Con le sue caratteristiche estetiche e tecnico-applicative, il legno lamellare si è ormai saldamente affermato nell’architettura dei grandi centri commerciali e ipermercati, sempre più caratterizzati dalla ricerca di un’armonia stilistica e di una vivibilità  che li proponga come “nuove piazze” per il tempo libero.

Ventilazione e isolamento

La ventilazione nelle copertura inclinate è un elemento fondamentale nella loro progettazione.
Scopo della ventilazione è:
• Ridurre il flusso di calore entrante nel periodo estivo;
• Smaltire il vapore interno nel periodo invernale;
• Asciugare eventuali infiltrazioni d’acqua o condense che dovessero essere presenti nel pacchetto;
• Aiutare la neve e il ghiaccio sulla copertura a sciogliersi.

L’efficacia della ventilazione in una copertura a elementi discontinui dipende essenzialmente dalla portata e dalla velocità del flusso d’aria e quindi dall’effetto camino che si viene a creare nel sottotegola. Maggiore sarà il flusso d’aria, maggiore sarà la capacità di sottrarre calore e vapore al sottotegola.

LO STRATO DI VENTILAZIONE
Lo strato di ventilazione può essere posto tra il manto di copertura (le tegole) e lo strato immediatamente sottostante.
Deve inoltre essere a contatto con l’ambiente esterno, tramite le aperture di entrata (linea di gronda) e di uscita (linea di colmo).
Ovviamente perché ci sia questo strato di ventilazione l’aria non deve essere ostruita né in entrata (malta in linea di gronda) né in uscita (colmo cementato).
Lo strato di ventilazione va previsto in fase di progettazione.
Dati rilevanti per il dimensionamento del canale di ventilazione sono:

• pendenza della falda:
• lunghezza della falda o del canale di ventilazione;
• differenza di temperatura tra interno ed esterno del canale di ventilazione;
• umidità;
• vento.

IL CANALE DI VENTILAZIONE
L’efficacia della ventilazione dipende dalla
velocità del flusso d’aria all’interno del canale di ventilazione.
La corrente d’aria infatti si muove:
a) per differenza di pressione originata dal vento tra le aperture di entrata e di uscita;
b) per differenza di temperatura dell’aria tra interno ed esterno del canale di ventilazione.

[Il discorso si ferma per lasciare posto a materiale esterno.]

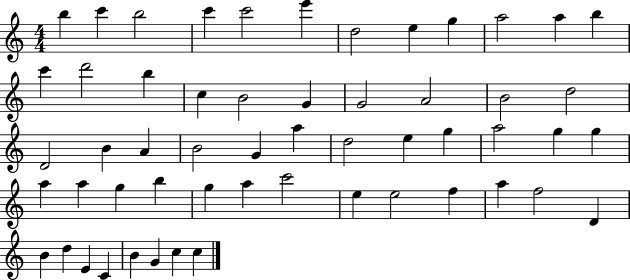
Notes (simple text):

B5/q C6/q B5/h C6/q C6/h E6/q D5/h E5/q G5/q A5/h A5/q B5/q C6/q D6/h B5/q C5/q B4/h G4/q G4/h A4/h B4/h D5/h D4/h B4/q A4/q B4/h G4/q A5/q D5/h E5/q G5/q A5/h G5/q G5/q A5/q A5/q G5/q B5/q G5/q A5/q C6/h E5/q E5/h F5/q A5/q F5/h D4/q B4/q D5/q E4/q C4/q B4/q G4/q C5/q C5/q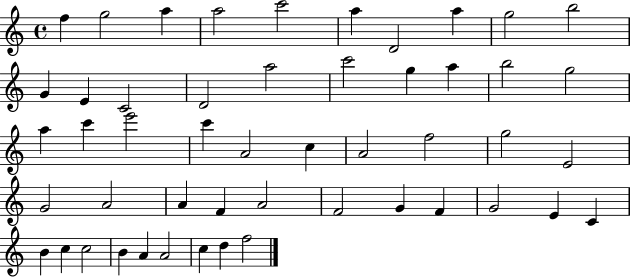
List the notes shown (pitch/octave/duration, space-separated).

F5/q G5/h A5/q A5/h C6/h A5/q D4/h A5/q G5/h B5/h G4/q E4/q C4/h D4/h A5/h C6/h G5/q A5/q B5/h G5/h A5/q C6/q E6/h C6/q A4/h C5/q A4/h F5/h G5/h E4/h G4/h A4/h A4/q F4/q A4/h F4/h G4/q F4/q G4/h E4/q C4/q B4/q C5/q C5/h B4/q A4/q A4/h C5/q D5/q F5/h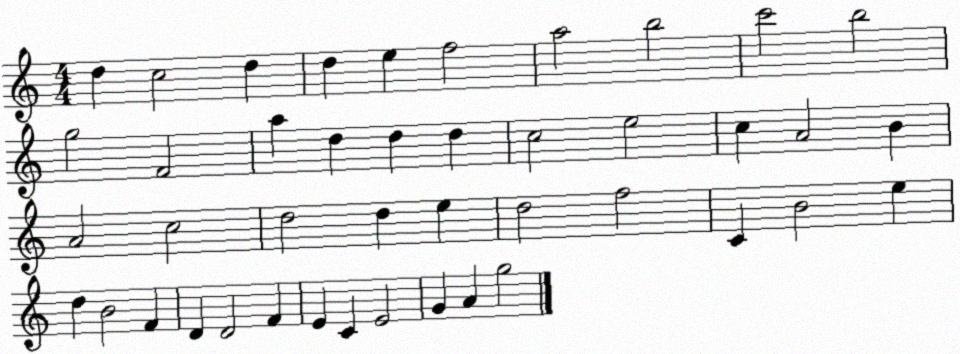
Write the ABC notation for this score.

X:1
T:Untitled
M:4/4
L:1/4
K:C
d c2 d d e f2 a2 b2 c'2 b2 g2 F2 a d d d c2 e2 c A2 B A2 c2 d2 d e d2 f2 C B2 e d B2 F D D2 F E C E2 G A g2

PIÙ IL TETTO INCLINATO, MAGGIORE SARÀ LA VELOCITÀ DELL’ARIA

L’isolamento viene fatto per contribuire alla resistenza termica globale della copertura, ossia offrire resistenza all’attraversamento di calore in modo da ridurre le dispersioni di energia. La corrente termica si muove sempre nella direzione del gradiente di temperatura ovvero dagli ambienti più caldi verso quelli più freddi, con un’intensità proporzionale alla differenza di temperatura e alle caratteristiche del mezzo che attraversa.
Ciò significa che ogni volta che in un’abitazione la temperatura all’interno di 20°C mentre all’esterno è inferiore, l’aria calda tenderà a fuoriuscire se non viene interposto uno strato isolante. Lo stesso fenomeno avviene in estate: se consideriamo che la temperatura interna ideale possa essere di 25°C, ogni volta che la temperatura esterna è superiore il calore tende a penetrare se non viene interposto uno strato isolante.

Periodo invernale

  • Limitare la fuoriuscita di calore dagli ambienti riscaldati;
  • Risparmiare energia (riscaldamento).

Periodo estivo

  • Limitare l’ingresso del calore dovuto all’irraggiamento solare;
  • Risparmiare energia (condizionamento).

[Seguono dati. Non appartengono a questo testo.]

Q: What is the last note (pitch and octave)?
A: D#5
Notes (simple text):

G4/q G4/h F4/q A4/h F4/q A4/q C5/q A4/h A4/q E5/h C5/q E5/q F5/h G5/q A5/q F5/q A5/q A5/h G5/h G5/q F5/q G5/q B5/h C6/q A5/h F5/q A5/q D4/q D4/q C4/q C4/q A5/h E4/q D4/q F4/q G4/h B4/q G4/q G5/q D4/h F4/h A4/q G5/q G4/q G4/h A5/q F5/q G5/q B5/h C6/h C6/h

Importante: il 20% del calore si disperde attraverso la copertura.
L’isolamento accresce il valore dell’abitazione: rende abitabile il sottotetto garantendone la durata nel tempo.

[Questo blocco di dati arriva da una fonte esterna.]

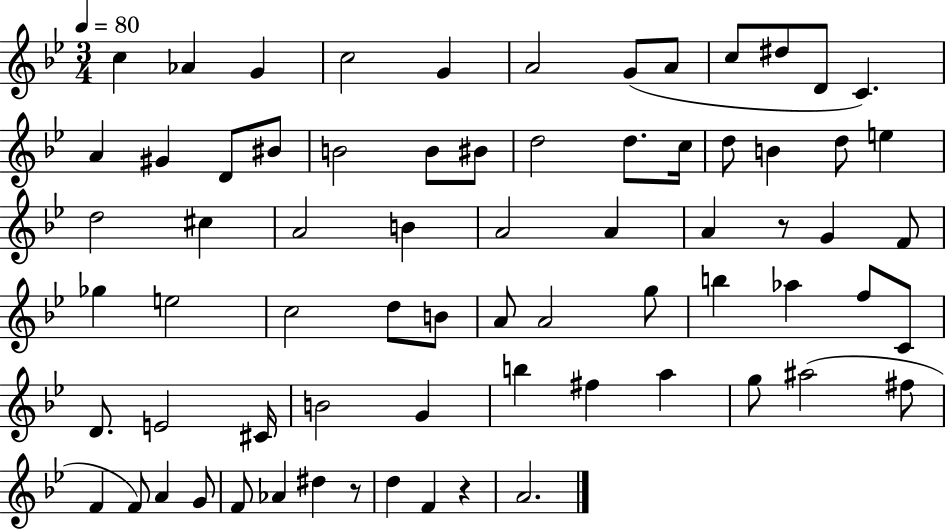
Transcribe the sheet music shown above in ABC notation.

DOVE POSIZIONARE L’ISOLANTE?

Fondamentale è che venga posizionato sempre al di sotto dello strato di ventilazione (sia ventilazione sottomanto che sottotetto). In caso contrario la circolazione dell’aria renderà nullo l’effetto termo-isolante.
Lo strato di coibentazione non deve presentare punti di discontinuità al fine di evitare ponti termici (punti sui quali si concentrano i problemi tipici delle patologie da condensa).
Deve essere posato con continuità su tutta la superficie.